Your task: Would you return the lines that run from the start of the data below to the line with "1981 Topps Kareem", both included, exactly as written and without pictures?

Supplied material:
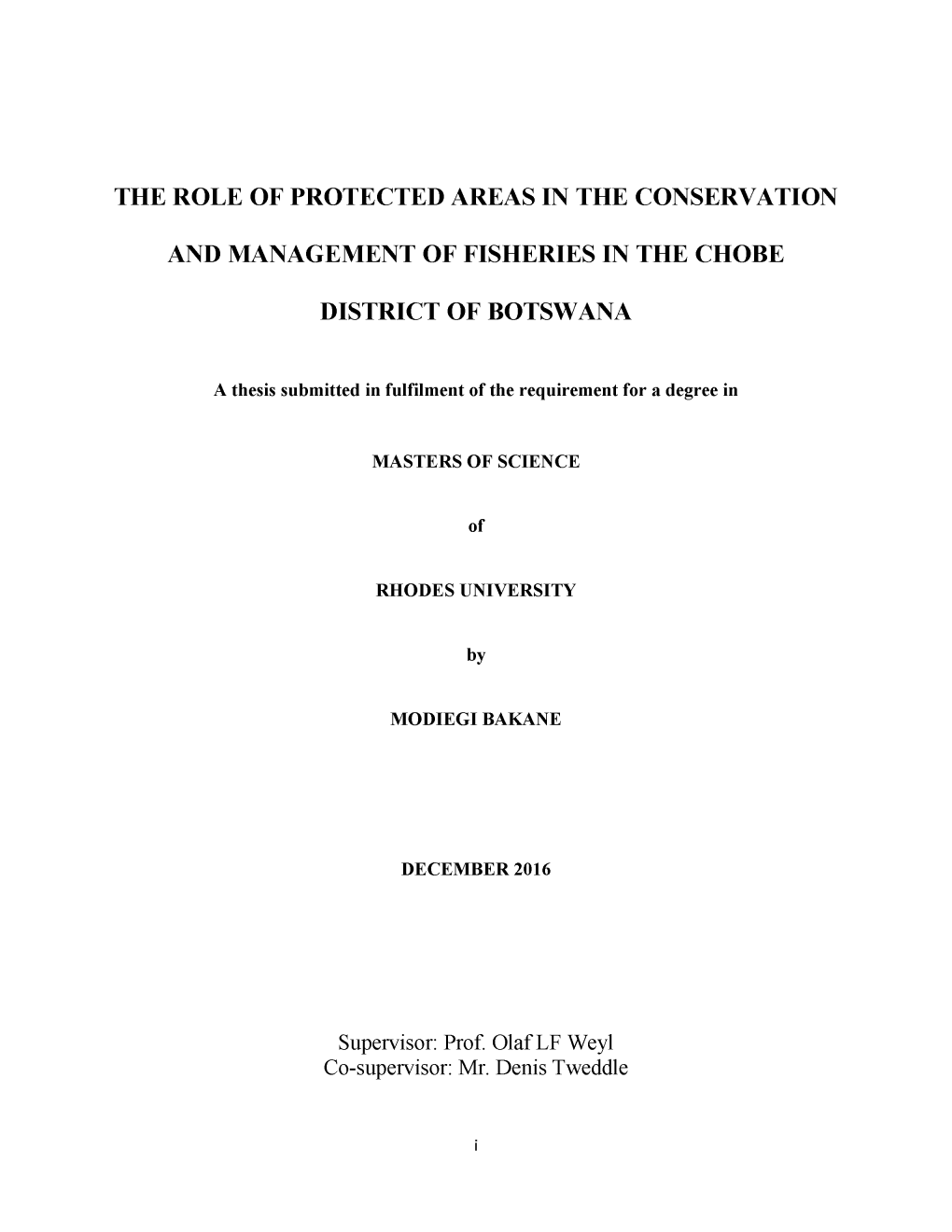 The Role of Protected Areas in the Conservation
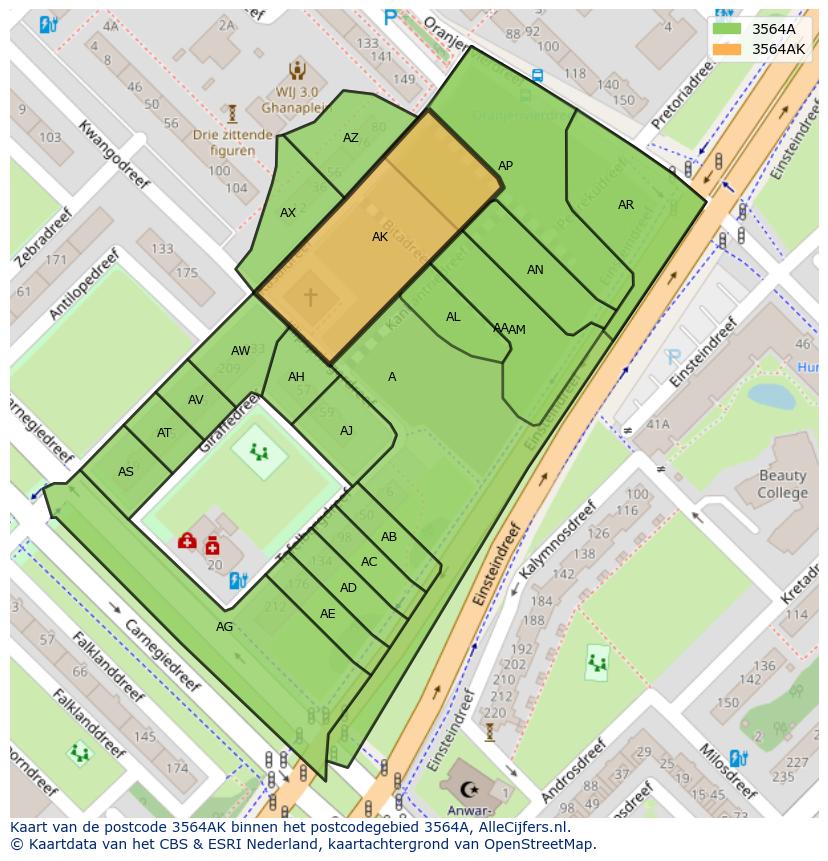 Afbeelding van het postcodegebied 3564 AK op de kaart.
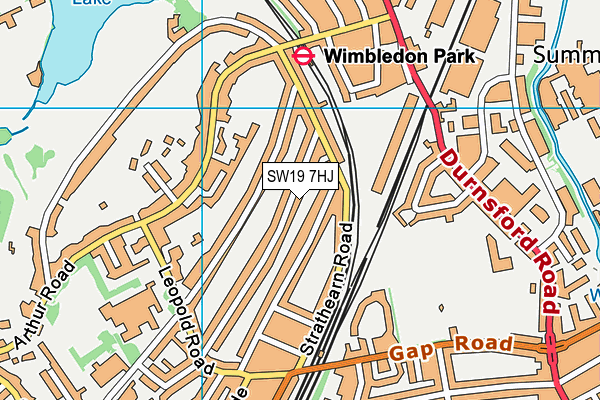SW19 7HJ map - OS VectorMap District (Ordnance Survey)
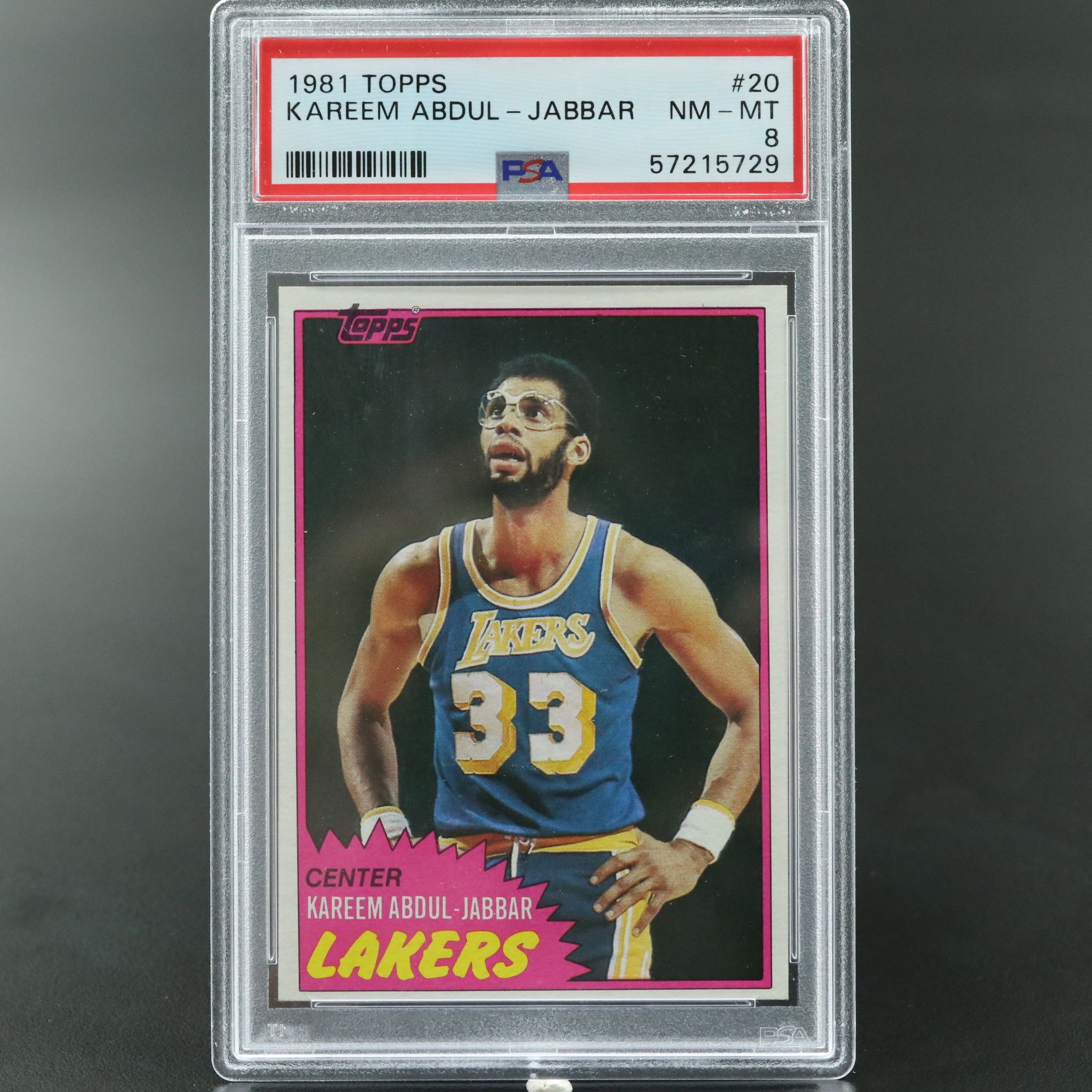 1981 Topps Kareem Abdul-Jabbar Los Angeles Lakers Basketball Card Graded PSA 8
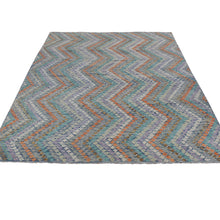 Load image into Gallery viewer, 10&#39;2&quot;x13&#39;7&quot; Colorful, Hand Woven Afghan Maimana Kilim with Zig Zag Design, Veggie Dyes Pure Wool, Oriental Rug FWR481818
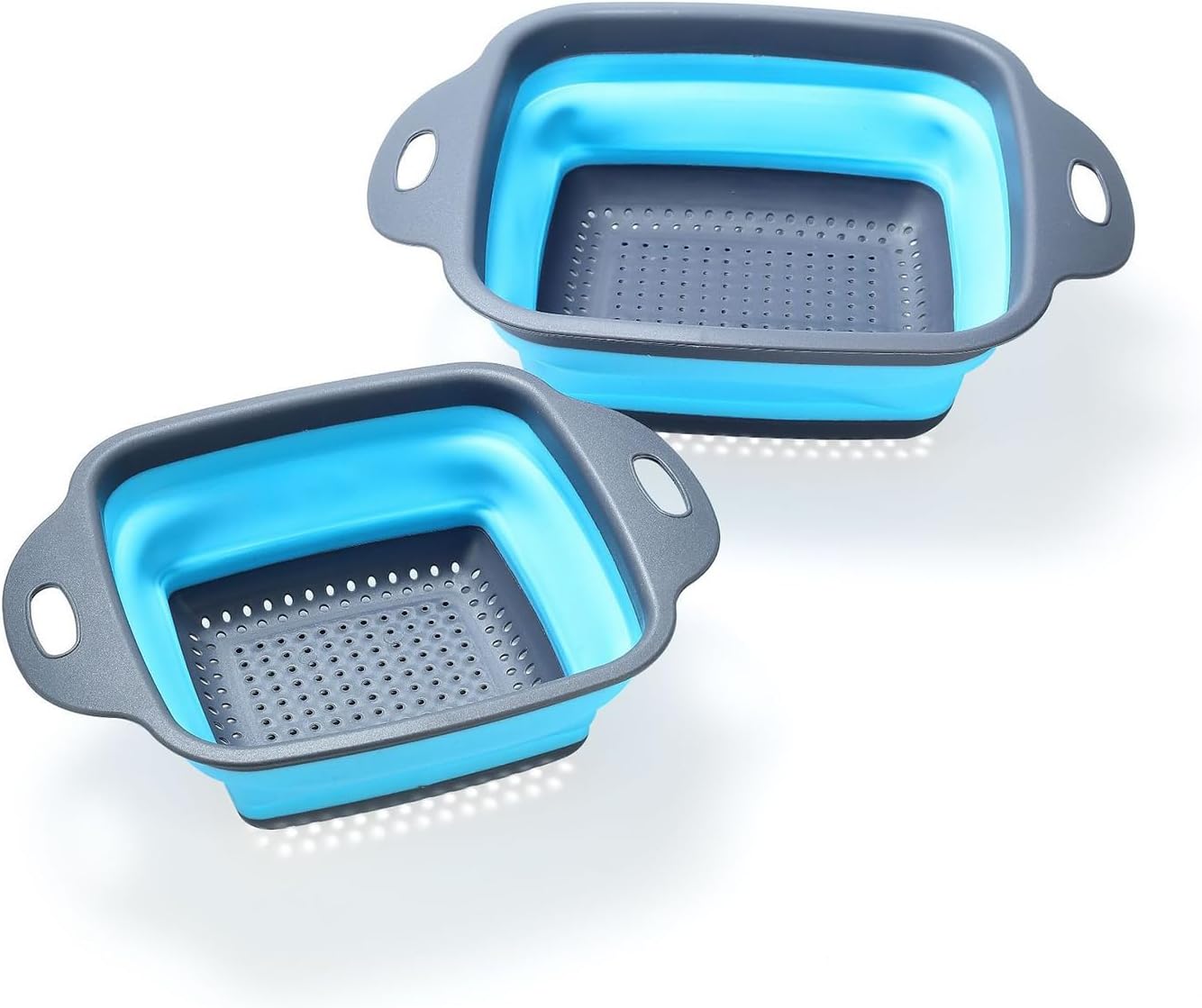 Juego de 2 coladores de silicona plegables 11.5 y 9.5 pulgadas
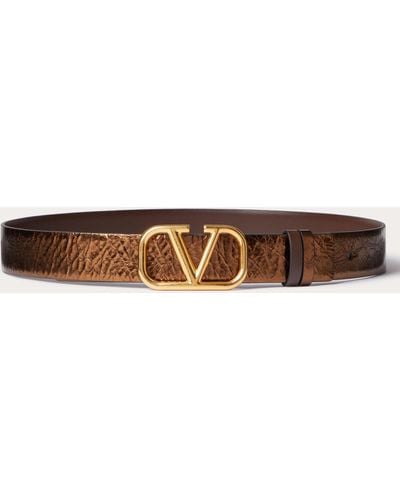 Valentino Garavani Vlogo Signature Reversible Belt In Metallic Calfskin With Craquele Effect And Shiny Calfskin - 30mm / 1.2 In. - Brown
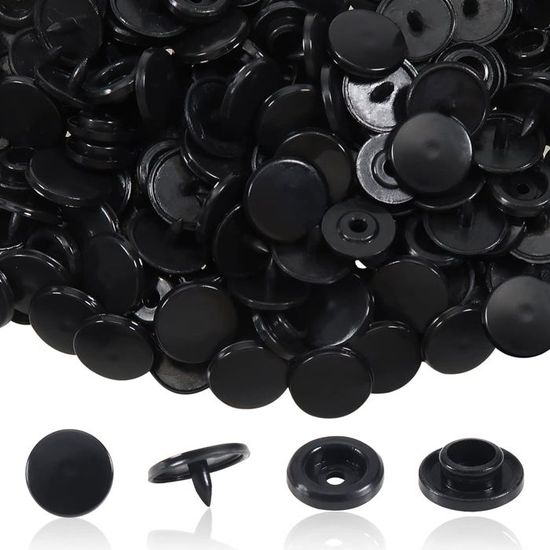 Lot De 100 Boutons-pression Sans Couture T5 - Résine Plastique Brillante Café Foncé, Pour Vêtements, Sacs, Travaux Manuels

Response area:
 The Role of Protected Areas in the Conservation
 Afbeelding van het postcodegebied 3564 AK op de kaart.
SW19 7HJ map - OS VectorMap District (Ordnance Survey)
 1981 Topps Kareem Abdul-Jabbar Los Angeles Lakers Basketball Card Graded PSA 8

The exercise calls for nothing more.